Setibanya di tempat kajian, dimana lokasinya pun di pondok pesantren putri, sudah hadir mungkin seribuan jamaah -yang tentu semuanya muslimah-, menanti-nanti acara Maulid Nabi dimulai.

Ada panggung nan megah dengan banyak bunga sedap malam di banyak sudutnya. Dihiasi pula dengan tirai-tirai ronce bunga melati. Wangi. Beratapkan langit malam, kami duduk bersilah menantikan puncak maulid. Belum juga dimulai, ikut berbungalah hati mencium aroma bunga-bunga yang memang wangi ini.

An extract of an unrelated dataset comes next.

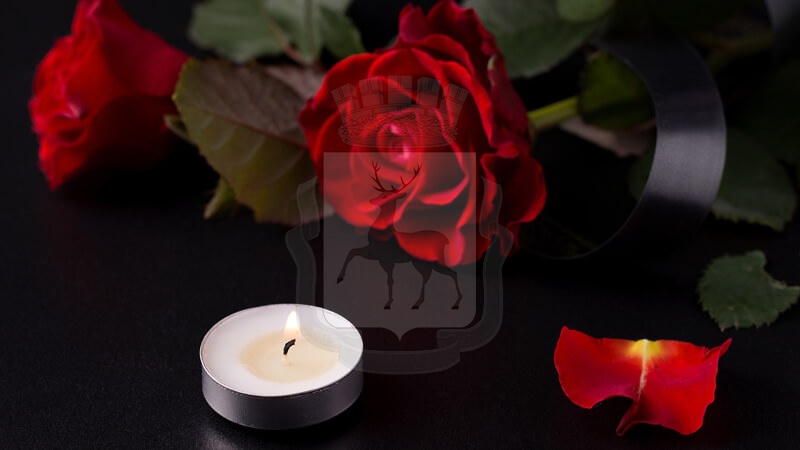 Организация похорон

Saya dan karib saya memilih duduk di shaf bagian depan. Supaya jarak kami dan Ustadzah nanti tidak terlalu jauh dan nyaman mendengarkan tauziah. Entah mengapa, malam itu terasa amat berbeda bagi saya. Magis. Muslimah sebanyak ini berkumpul dan akan fokus menyatukan pikiran mereka semua untuk bersholawat kepada satu sosok manusia yang teramat disayang Allah SWT; Muhammad SAW ❤.

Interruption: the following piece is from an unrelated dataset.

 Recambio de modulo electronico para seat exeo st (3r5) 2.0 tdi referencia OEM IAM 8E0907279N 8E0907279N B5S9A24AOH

Ada yang mendesak-desak di dalam dada. Untuk apa kami jauh-jauh menempuh perjalanan dari rumah ke tempat ini? Untuk siapa kami melakukan ini?

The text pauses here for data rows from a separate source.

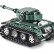 Конструктор Double E Cada Technics, Танк Tiger 1, 313 деталей, пульт управления — C51018W, фото 4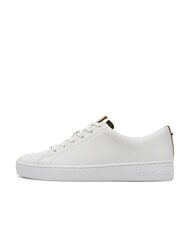 MICHAEL KORS KEATON Ledersneakers blassgoldenes - Damenschuhe - 4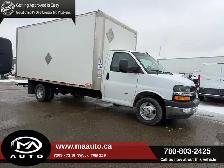 2019 Chevrolet Express Cutaway 3500 16 Feet Cube van - Comes wit - Photo 3
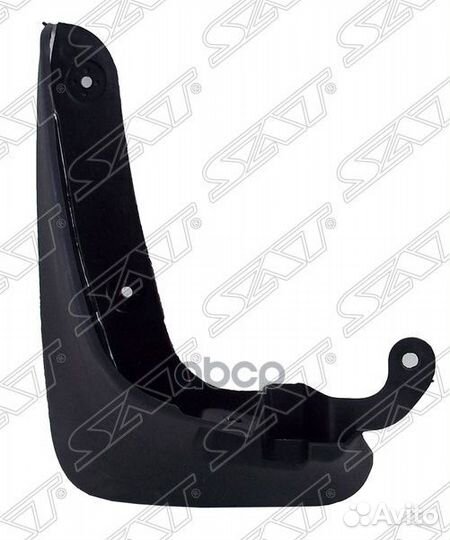 Брызговик hyundai accent 06-10 передний LH sthn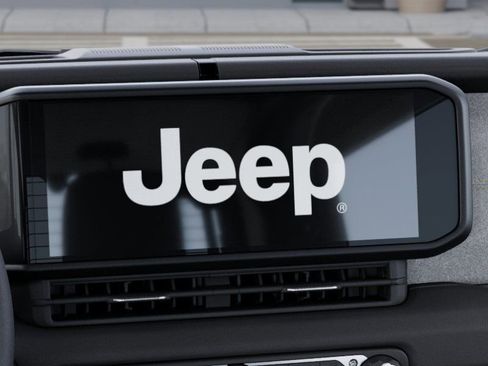 New 2025 Jeep Wrangler Sport image 19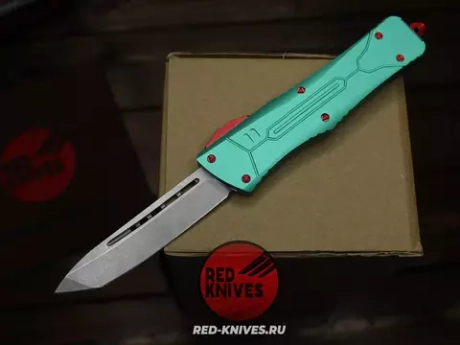 Реплика ножа Microtech Troodon Bounty Hunter T/E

Jawabannya mungkin hanya satu : untuk mencari kebarokahan ilmu dari Allah SWT dan kekasihNya, Nabi Muhammad Shollallahu'alaihi wasallam.

Menapak tilasi kembali sejarahnya. Keberadaannya dimuka bumi. Suri tauladannya yang amat perlu kita tapaki jejaknya sebagai ummatnya. Seseorang yang padanya cinta kasih kita akan seluruhnya tercurah pada beliau malam itu. Malam 12 rabiul awwal.

Maka lantunan sholawat dalam hati bukan lagi terlantun sekadar syahdu. Tapi bergemuruh menyesakkan dada. Berharap ia, lelaki yang bergelar Al-Amin mendengar dan menjawab sholawat kerinduan kami.

Sudah pukul 20.00 wib. Ustadzah yang ditunggu juga belum nampak kehadirannya. Saya amati jamaah muslimah di sekeliling saya. Rerata mereka berfoto-foto, selfie, wefie. Bercengkerama dan berselonjor. Mungkin sekadar membunuh waktu sambil menunggu sang penceramah tiba.

Namun ada yang luput dari perhatian saya. Perempuan yang justru sedari awal duduk persis di sisi kanan saya. Dalam duduk silahnya, tubuhnya terpekur menunduk begitu dalam. Menenggelamkan wajahnya dalam keheningan yang diciptanya sendiri. Saya mendekati perempuan itu. Tangannya menengadah basah oleh tetesan air matanya. Air mata yang semakin lama makin menderas. Saya tidak tahan lagi untuk memeluknya.

Lirih saya berbisik padanya, “Kamu merindukannya (ﷺ)?”

Tak ada jawaban dari lisannya. Perempuan ini hanya mengangguk, namun isak tangisnya makin menjadi-jadi. Pecah sudah bulir-bulir air yang sejak tadi menggenangi pelupuk mata saya. Perempuan ini adalah karib saya. Berdua kami saling berpelukan. Menangis dalam kerinduan yang membuncah kepada Nabi Muhammad shollalahu ‘alaihi wasallam. Dada kami terluka karena sesaknya rindu. Marhaban Ya Rasulallah… Terimalah kami sebagai ummatmu. Karuniakanlah kepada kami syafaatmu.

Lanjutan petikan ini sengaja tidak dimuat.